Be sure and let us know what you decided to do and how the fishing/jigg'n is go'n....

Sorry for the long ramble, just bored here at work in my break I guess...haha :rybka:

Hog


----------



## red34

For long trips out of Port A, I would start with a 300g-400g spinning rod from 5'4"-5'8" paired with a Shimano 8/10k sized reel (look into adding a 12/16k aftermarket spool to add capacity). If you go quality on the reel (Saragosa or any year Stella) and add the capacity with the spool, you will be well-matched for 99.99% of tuna you'll encounter here on jig/pop gear (40-100lbs).

This combo is light with the smaller reel. Strong with the heavyish rod and 65-80lb spectra capability. And versatile with the ability to jig, lob poppers, and chunk or live-bait with. You can also split it up to make both 300g and 400g combos as you add gear.

You can also mimic this for popping gear (once you decide that the surface take is more addictive than crack!) Same reel setup, except possibly switching to hollow core spectra. I like throwing the 40/60 as often as I can get away with it, and switch to the 60/80 in crowded or larger fish situations.

Here are a few guides that might be helpful to read. Glenn's guide has been read by everyone getting into this type of fishing. Mine is what I've learned from others who helped me get into this kind of fishing, and then adapted to fishing in Texas. Hope it helps.

http://jiggingandpopping.blogspot.com/2011/03/intro-to-popping-by-gman-reference-for.html

http://www.oceantackle.net/tips-and-techniques.html


----------



## KWGerald

Thanks Red! I'm digging that 3107 conventional Fathom Blade rod. Looks like it would be a killer set up with the right Jigging Reel. 

I just can't get into coffee grinders for jigging. Them seem to be perfect for popping, though. Looking at some alternative narrow conventionals. Licking the Maxel the more I look at it, but I also gotta say Okuma Andros reels are really nice as well. It's nice to have choices for quality tackle nowadays.


----------



## red34

I prefer jigging conventional as well. I was rolling with advice for starting with the most versatile combo possible.

Glad to help any way I can.


----------



## hookN

KWGerald said:


> Thanks Red! I'm digging that 3107 conventional Fathom Blade rod.

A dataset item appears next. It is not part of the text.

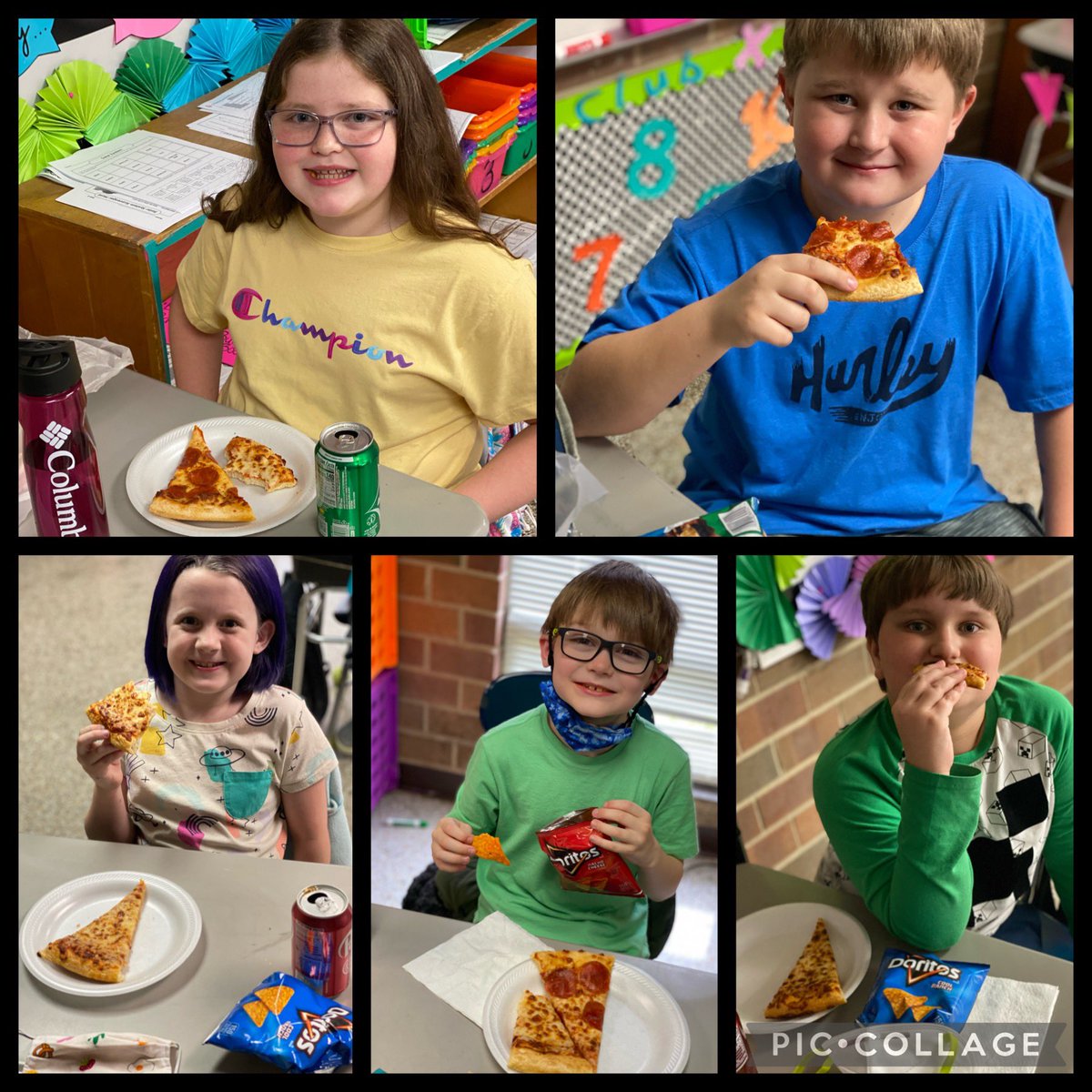 Shining 3rd Grade Eagles tweet media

Looks like it would be a killer set up with the right Jigging Reel.
> 
> I just can't get into coffee grinders for jigging. Them seem to be perfect for popping, though. Looking at some alternative narrow conventionals. Licking the Maxel the more I look at it, but I also gotta say Okuma Andros reels are really nice as well. It's nice to have choices for quality tackle nowadays.


Andros is not a reel designed for the jigging pounding , the AR will fail fairly quick.

JMO


----------



## KWGerald

Did not know that about the Andros. Maxel is looking better every day.


----------